Wild Monkey Tapas: Makake Injects Some Japanese-Spanish Flavour Into Grandi

Wild Monkey Tapas: Makake Injects Some Japanese-Spanish Flavour Into Grandi

Published August 22, 2019

Brought to you by
Ragnar Egilsson

The Icelandic restaurant landscape is always shifting. These days, Reykjavík seems to be experiencing an injection of international cuisine. The last couple of months have seen the opening of Syrian café Aleppo, the Moroccan restaurant Kasbah, and the Afghan restaurant Afghan Style, to name just a few. One of the most exciting restaurants to form out of this multicultural big bang is the brand-new Japanese-Spanish tapas house Makake.

Wild people

Helmed by Erna Pétursdóttir, who is also one of the brains behind the beloved Ramen Momo, the restaurant was joined by chef Mayela Armas, who shares Erna’s Spanish roots and her passion for Japanese cuisine.

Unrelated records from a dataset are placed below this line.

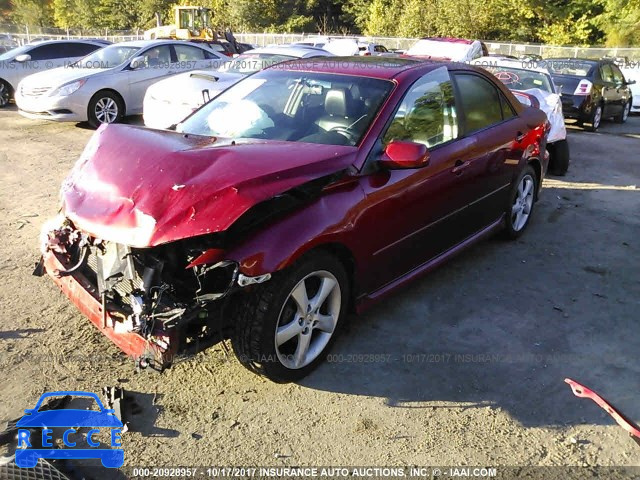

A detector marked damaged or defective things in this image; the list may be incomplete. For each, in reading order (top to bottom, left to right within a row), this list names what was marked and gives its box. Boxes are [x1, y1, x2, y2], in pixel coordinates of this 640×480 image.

exposed headlight housing [50, 79, 87, 97]
crumpled hood [147, 69, 245, 109]
crumpled hood [516, 87, 568, 142]
crumpled hood [62, 124, 358, 248]
damaged red car [35, 58, 548, 382]
crushed front bumper [42, 249, 176, 370]
damaged radiator support [38, 221, 242, 372]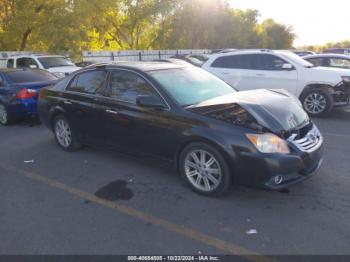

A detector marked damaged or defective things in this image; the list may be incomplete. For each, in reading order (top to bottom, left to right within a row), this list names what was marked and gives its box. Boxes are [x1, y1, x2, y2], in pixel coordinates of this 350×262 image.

crumpled hood [189, 89, 308, 134]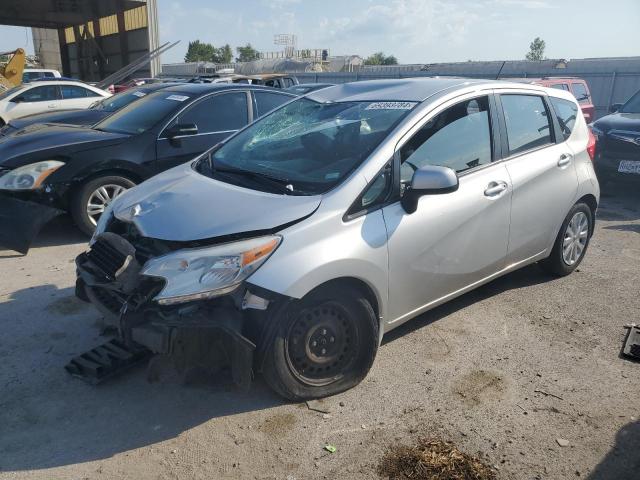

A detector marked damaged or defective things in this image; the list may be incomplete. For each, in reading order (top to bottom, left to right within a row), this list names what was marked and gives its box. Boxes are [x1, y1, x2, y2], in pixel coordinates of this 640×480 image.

broken headlight assembly [0, 161, 63, 191]
damaged front bumper [0, 191, 63, 255]
crumpled hood [0, 124, 129, 169]
crumpled hood [112, 163, 322, 242]
broken headlight assembly [141, 235, 282, 306]
damaged front bumper [74, 232, 266, 390]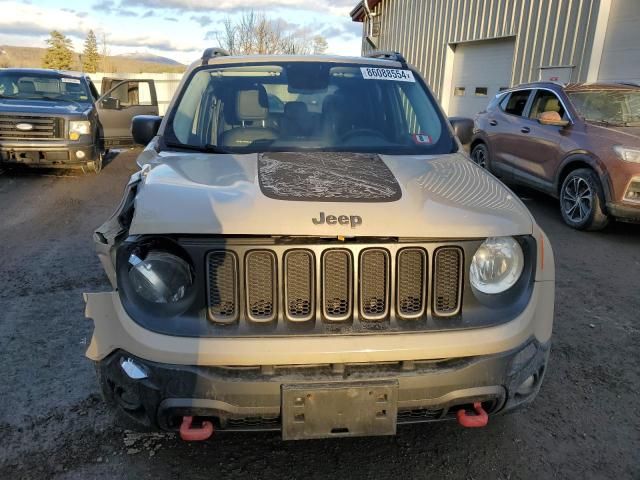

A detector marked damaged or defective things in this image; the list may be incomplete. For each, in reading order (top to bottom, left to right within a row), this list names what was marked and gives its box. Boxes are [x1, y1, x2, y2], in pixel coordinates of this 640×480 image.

Erna dons a bright headband and the playful grin of someone eager to surprise the meat-and-potato-loving Icelanders. “Makake [or macaque, in English] is a Japanese wild monkey that are also known as snow monkeys,” she says. “They live in matriarchal societies that are all about sharing and caring. They even love bathing in hot springs and rolling snowballs like Icelanders. We thought it was a great fit since tapas are made for sharing and, at Makake, we want people to share, be playful and have fun.”

With Ramen Momo, Erna carved out a niche, but Makake takes her for a deeper plunge, infusing the Barcelona vibes of Erna’s youth with the herbal aromas of mochi ice cream and the sweet smell of grilled pork belly.

A special cultural blend

The walls of Makake are emblazoned with manga-like images of macaques at play. Red paper lanterns frame a recreation of Japanese street dining; tables are made of beer crates and lights from old Bundaberg ginger beer bottles.

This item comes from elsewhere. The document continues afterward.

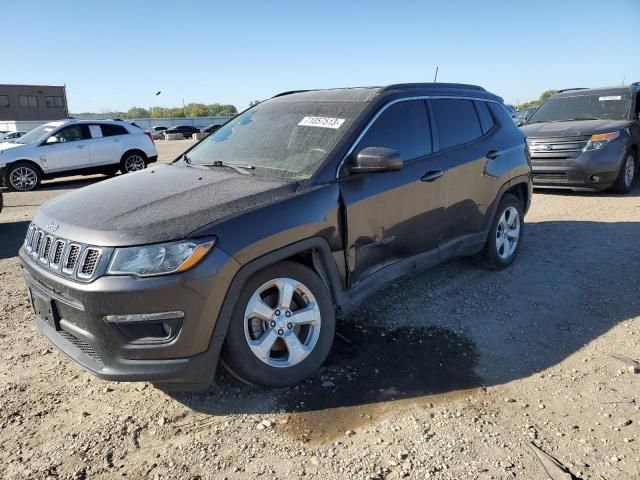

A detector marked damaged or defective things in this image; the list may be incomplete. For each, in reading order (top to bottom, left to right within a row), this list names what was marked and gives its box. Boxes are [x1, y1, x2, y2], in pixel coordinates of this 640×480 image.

damaged hood [32, 164, 298, 248]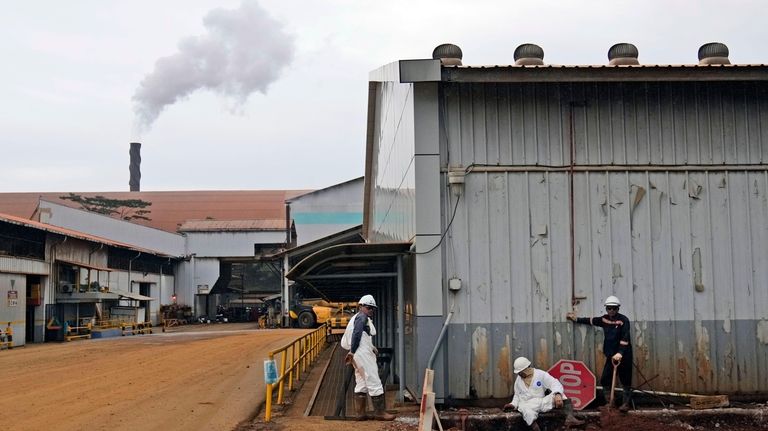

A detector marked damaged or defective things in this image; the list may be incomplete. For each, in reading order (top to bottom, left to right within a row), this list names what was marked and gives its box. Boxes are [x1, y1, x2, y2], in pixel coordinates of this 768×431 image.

rusted metal wall [438, 80, 768, 398]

The fusion between the culinary traditions of Barcelona and Tokyo is not as strange as it may seem at first glance. The Japanese Izakaya restaurants are bustling after-work bistros with casual small plate dining built around sharing much like Spain’s tapas tradition. And those shared Iberian roots run even deeper, as many Japanese dishes were influenced by traditions brought over by Portugese travellers in the 16th century. One of the best known among those being the tempura.
“When I was a kid, I’d love to visit the Chinese-Venezuelan social center to see their markets and restaurants,” chef Mayela chimes in. “I ended up in charge of Barcelona’s only Asian cooking school and Erna and I originally met there during an intensive Ramen course. Shortly after, she invited me over to help develop the menu at Ramen Momo and now Makake. It’s funny how these things can happen.”

The ever evolving Grandi

“Makake is a dream we’ve had for five years,” says Erna. “As much as we love what we have created with our tiny ramen lunch place. We’ve been dreaming of opening up something bigger.”

Makake is located in the black, white and blue building that used to house the Kumiko café, over in the Grandi area which has seen a massive explosion of new restaurants and food businesses during the last five years.

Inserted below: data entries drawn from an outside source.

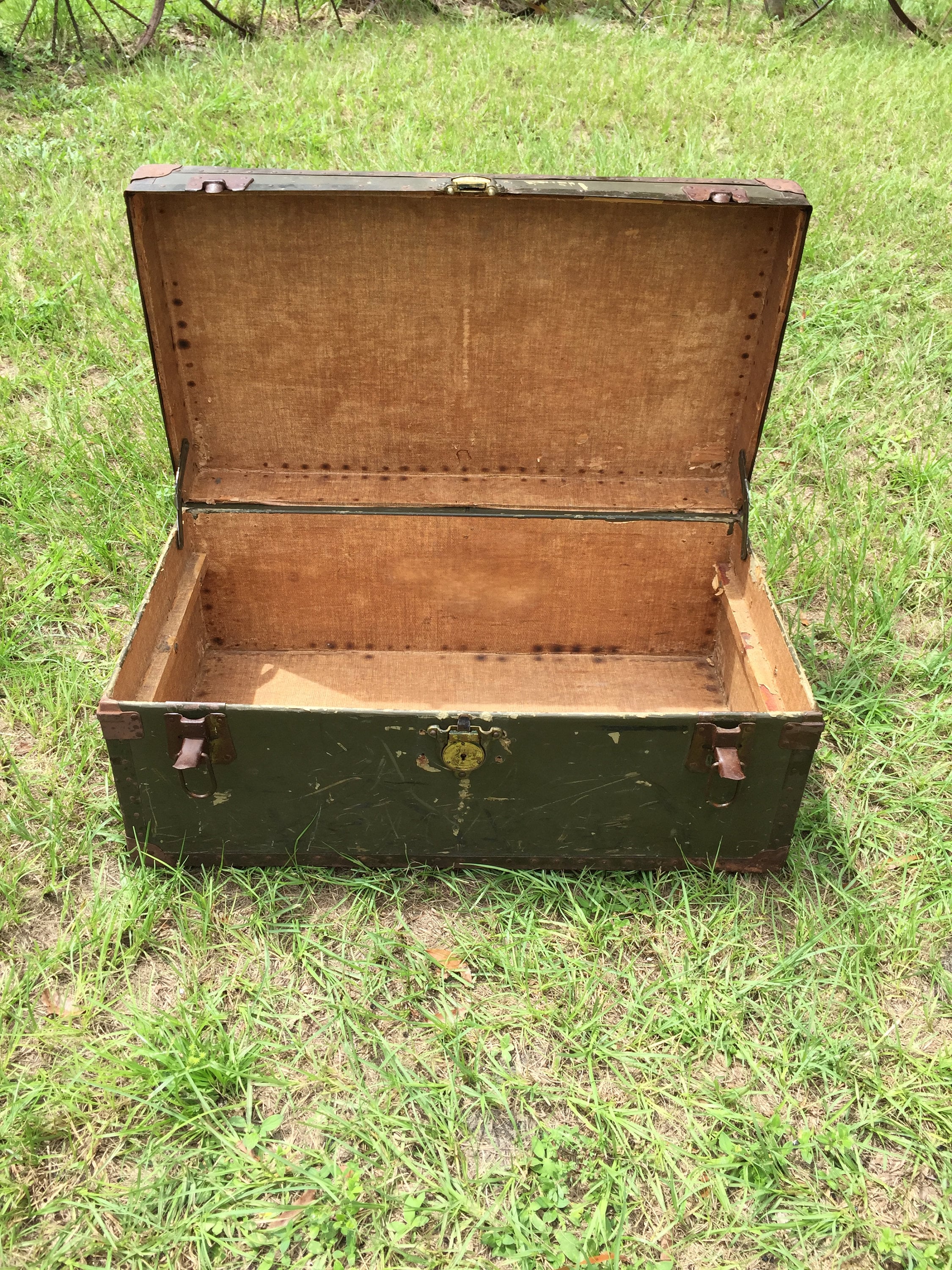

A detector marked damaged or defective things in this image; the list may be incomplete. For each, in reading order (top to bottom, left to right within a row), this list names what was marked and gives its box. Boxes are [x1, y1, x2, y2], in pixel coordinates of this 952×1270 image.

rusty metal hardware [184, 175, 254, 193]
rusty metal hardware [443, 178, 498, 198]
rusty metal hardware [687, 185, 755, 205]
rusty metal hardware [174, 437, 190, 549]
rusty metal hardware [738, 454, 755, 562]
rusty metal hardware [97, 708, 144, 745]
rusty metal hardware [166, 711, 237, 799]
rusty metal hardware [430, 718, 508, 776]
rusty metal hardware [691, 721, 758, 809]
rusty metal hardware [782, 721, 829, 752]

“The food scene in Grandi, has changed a lot since the beautiful people from Coocoo’s Nest started to rework the energy of the area. Now Grandi reminds me of an area in Barcelona called Poblenou; both are industrial areas that have been reshaped with interesting projects that would otherwise have a hard time making rent in the current rental market. The corner of Grandi where Makake is based is still developing but the building is beautiful and spacious and it allows us to work freely and express our vision.”